/weekend
Navigation

Des lettres aux livres

Coup d'oeil sur cet article

L’auteure-compositrice-interprète Stéphanie Boulay, qui est cette année porte-parole des Correspondances d’Eastman, met la musique de côté pour nous parler des livres qu’elle a aimés.

De façon générale, vous lisez de tout ou est-ce qu’il y a des genres que vous aimez plus particulièrement ?

Je lis de tout, y compris de la psychopop.
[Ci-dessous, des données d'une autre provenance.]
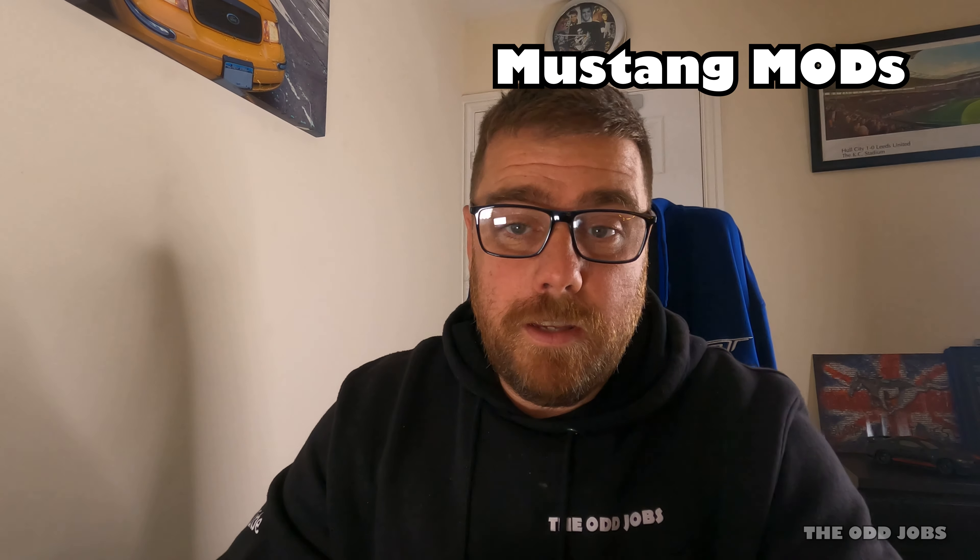Evening guys, how you all doing? Hope you're all keeping safe. Just thought I'd throw out another video — earlier on today I had a couple of mods to do on my Mustang so I thought I'd film it. Sam is still away but we've got some really exciting news for the Monza — it's now legal to go on the road, so once we get a chance to get back together we'll get a review and a drive done. Still on the lookout for projects, but today I had a couple of mods come in the post.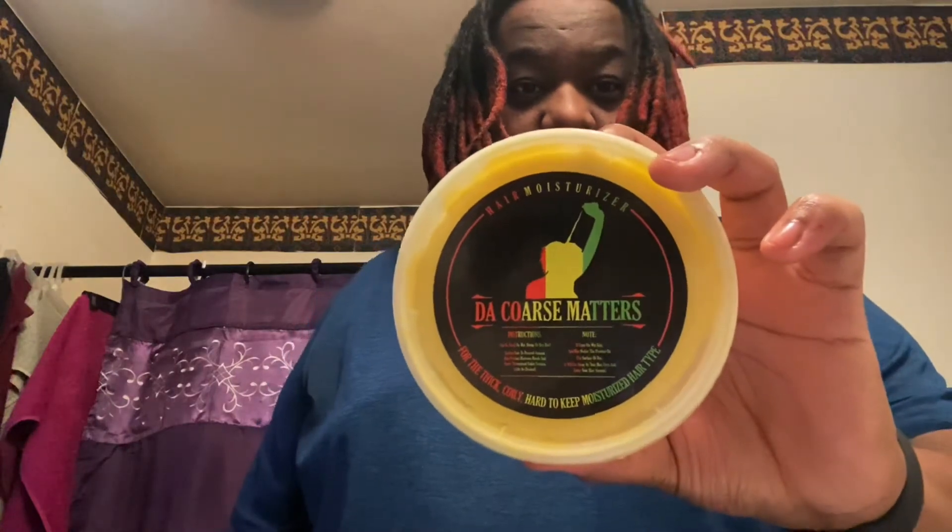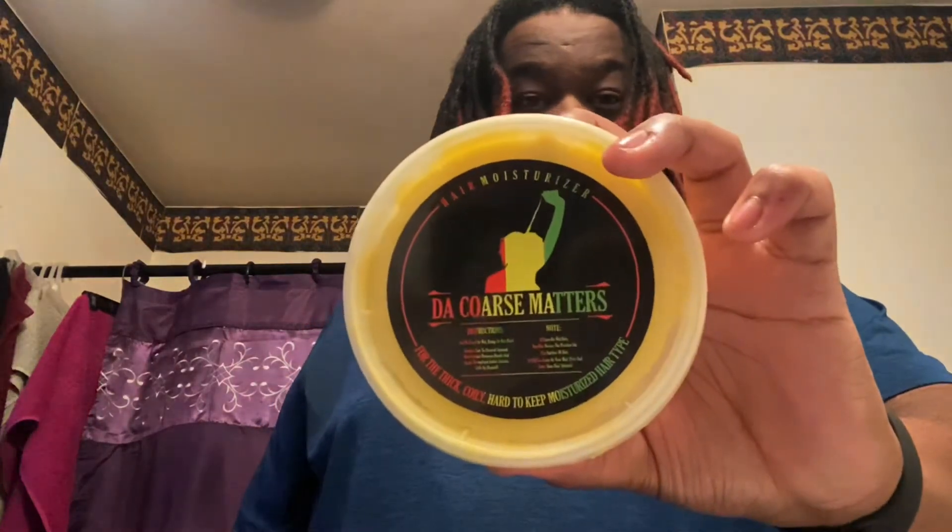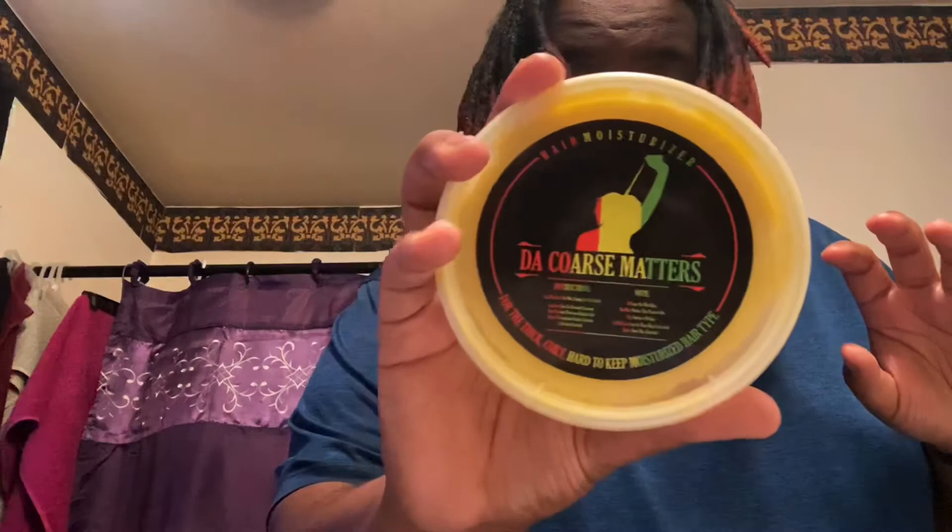So yeah, links will be in the description so you can purchase this. It's a Black-owned company — shoutout to my friend LaVon for the hair butter. Make sure you go check it out. For all the natural hair and coarse hair folks, check out that hair butter. That's the end of this video, make sure you check them out and I'll see you again for another video.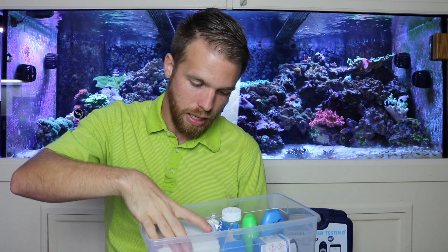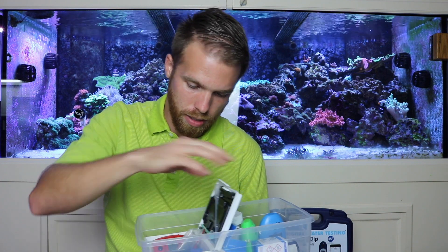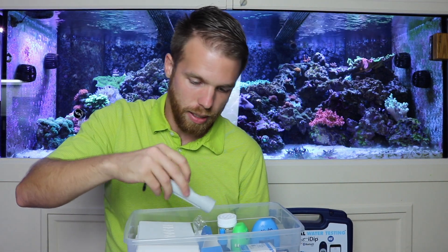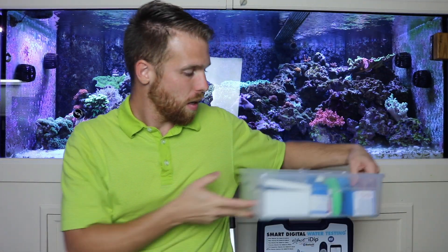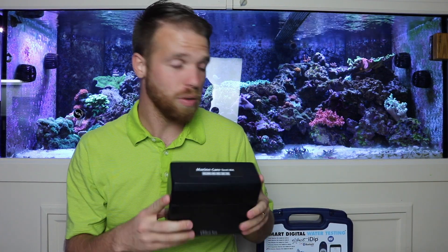I've got the calcium Hanna checker in here as well. And I've got the reagents here for the Red Sea calcium, plus the Red Sea magnesium and Red Sea Marine Care test kit.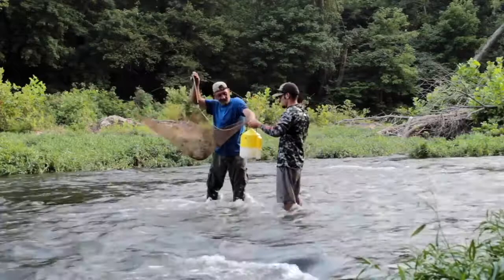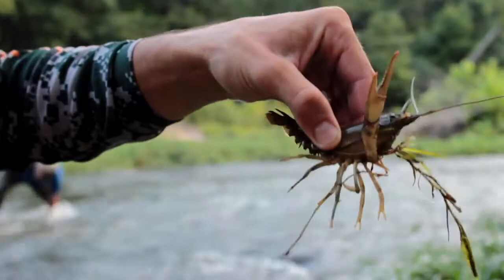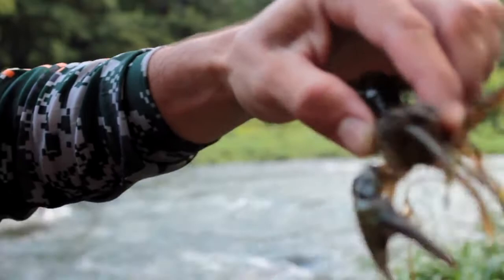I just wanted to show you guys — I mean this thing is huge and we just flipped like one big rock and this thing was in here. This is a giant crawdad. Look at it — smallmouth love this.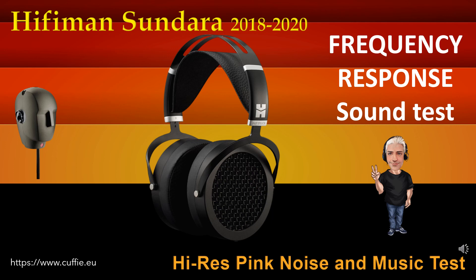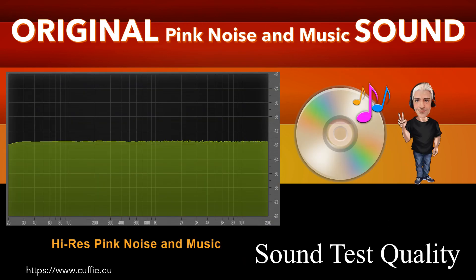Questo test determina la regolarità e la linearità della risposta in frequenza mediante l'ascolto. All'inizio vi sarà il confronto mediante rumore rosa, poi con brani musicali. Ascolta e trova la differenza tra il suono originale di riferimento ed il suono della cuffia. Più la cuffia si avvicina al suono originale di riferimento, più la cuffia sarà lineare e regolare. Ad ogni passaggio sarà visualizzato il grafico della risposta in frequenza.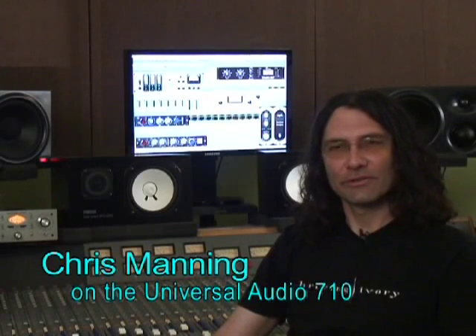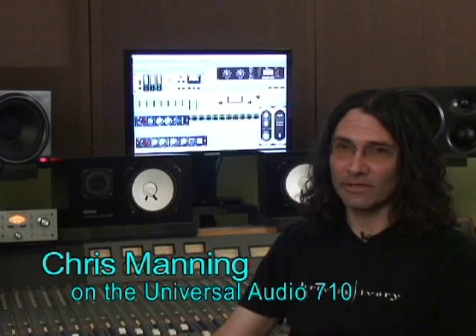I'm Chris Manning. I'm a producer, engineer, and also mixer. I do a lot of mixing. Recently, I've had the opportunity to try out the new Universal Audio 710 preamp.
Mais j’adore la littérature des femmes, plus particulièrement Marguerite Duras, Annie Ernaux et, ici, Anaïs Barbeau-Lavalette et Audrée Wilhelmy, entre autres.
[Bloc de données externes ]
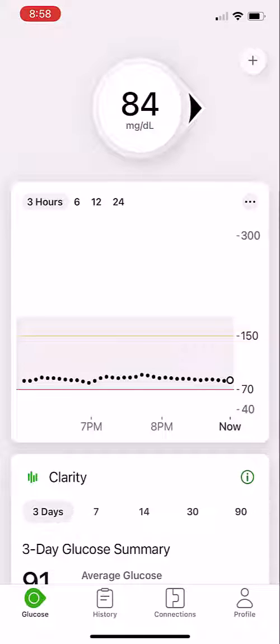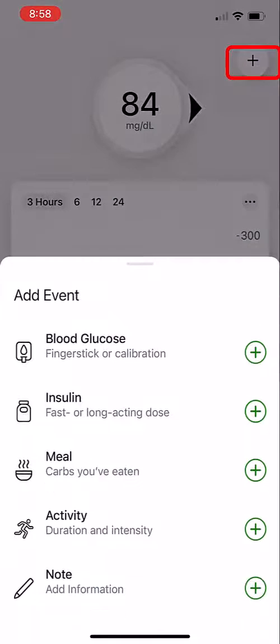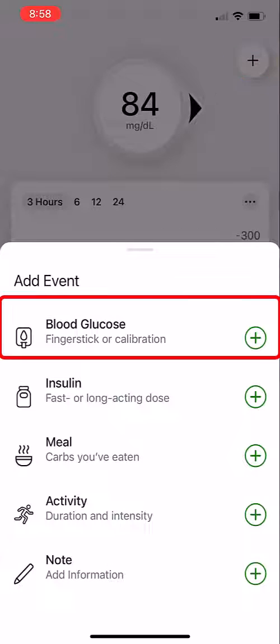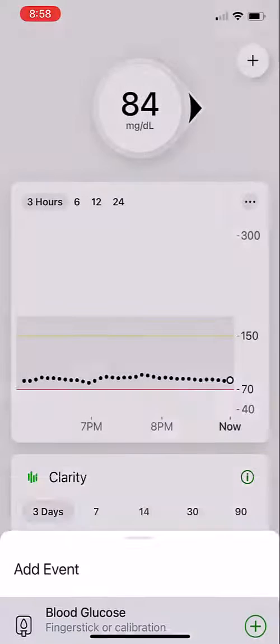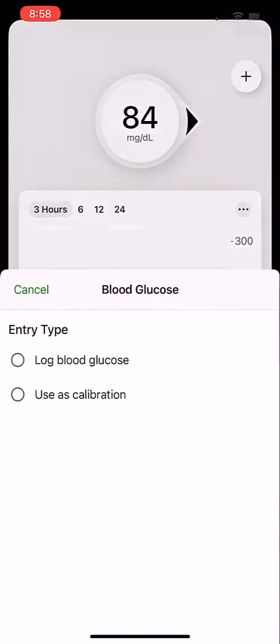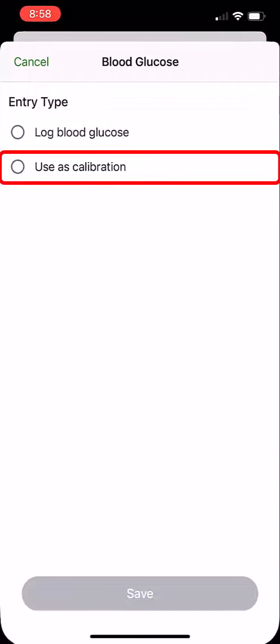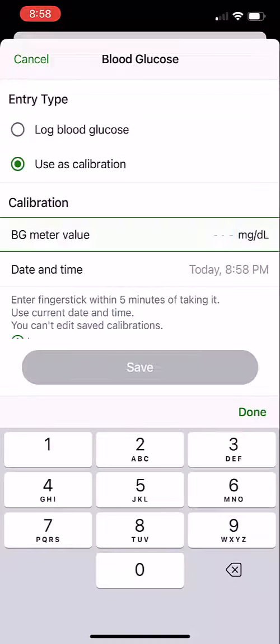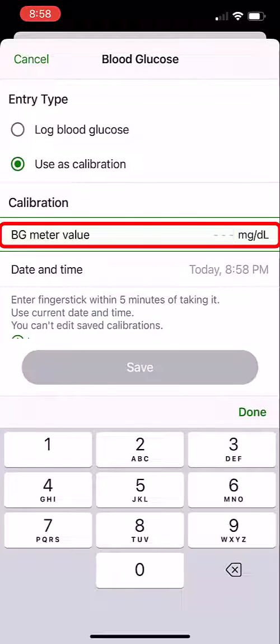The first thing you want to do is go up to the top right and click on the plus sign. It will open up this pop-up menu and click on the blood glucose. Choose 'Use as Calibration' and put in your blood glucose meter value.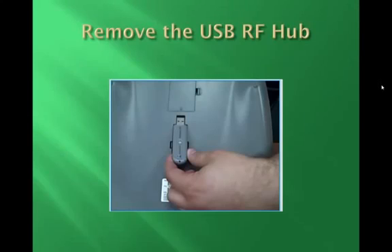Next, you will want to connect the MobiPad to the computer. First, you need to have the computer turned on.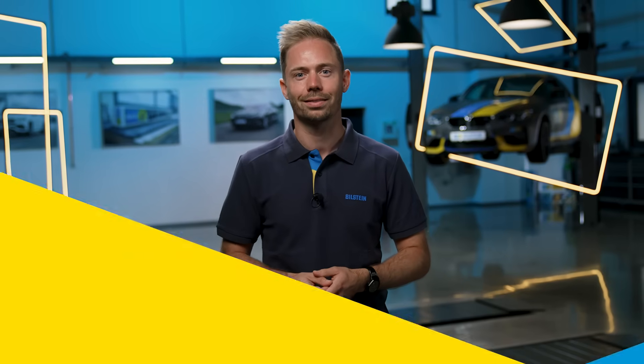Bilstein B4, B6. What are the differences and which is the right shock absorber for your car workshop customers? That's what you'll find out here.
Parmi toutes les nouveautés, y a-t-il des livres qu’on devrait, selon vous, s’empresser de lire ?

La femme qui fuit, d’Anaïs Barbeau-Lavalette. J’ai beaucoup aimé. Tout doit partir, de Johanne Fournier, et aussi Sauf que j’ai rien dit, de Lily Pinsonneault, et tout d’Audrée Wilhelmy. Et Le nid de pierres de Tristan Malavoy, et j’ai du mal à m’arrêter.

Côté romans, vous avez quelques grands favoris ?

Le ravissement de Lol V. Stein, de Marguerite Duras, Écrire la vie, la brique qui contient presque tout d’Annie Ernaux, La petite fille qui aimait trop les allumettes, de Gaétan Soucy, Beauté baroque, de Claude Gauvreau, et Les fous de Bassan, d’Anne Hébert.

Et quels ont été vos plus récents coups de cœur ?

Passion simple, d’Annie Ernaux, et Les luttes fécondes, de Catherine Dorion. Et je suis en train de lire Je voudrais qu’on m’efface, d’Anaïs Barbeau-Lavalette : j’ai pleuré à la troisième page.

Parlez-nous un peu des Correspondances d’Eastman, qui se tiendront cette année du 9 au 12 août.

C’est un magnifique séjour champêtre à Eastman qui, d’une part (et c’était le volet originel), offre aux festivaliers tout plein de jardins à travers la ville où aller écrire des lettres. C’est donc le retour aux sources de la littérature : l’épistolaire. C’est ainsi une forme de démocratisation de la littérature, je trouve, parce que beaucoup beaucoup de gens peuvent écrire une lettre, aussi simple soit-elle. Le festival offre même les timbres pour envoyer les correspondances un peu partout à travers le monde. Bon, il y a ça, mais il y a aussi un volet musical : chaque soir, des spectacles au Cabaret Eastman (j’y ai d’ailleurs participé l’an dernier, avec ma sœur). Et finalement, les festivaliers ont accès à des rencontres avec des figures de proue de la littérature, tout comme des nouveaux visages. On y parlera de sujets en lien avec les coulisses de la littérature.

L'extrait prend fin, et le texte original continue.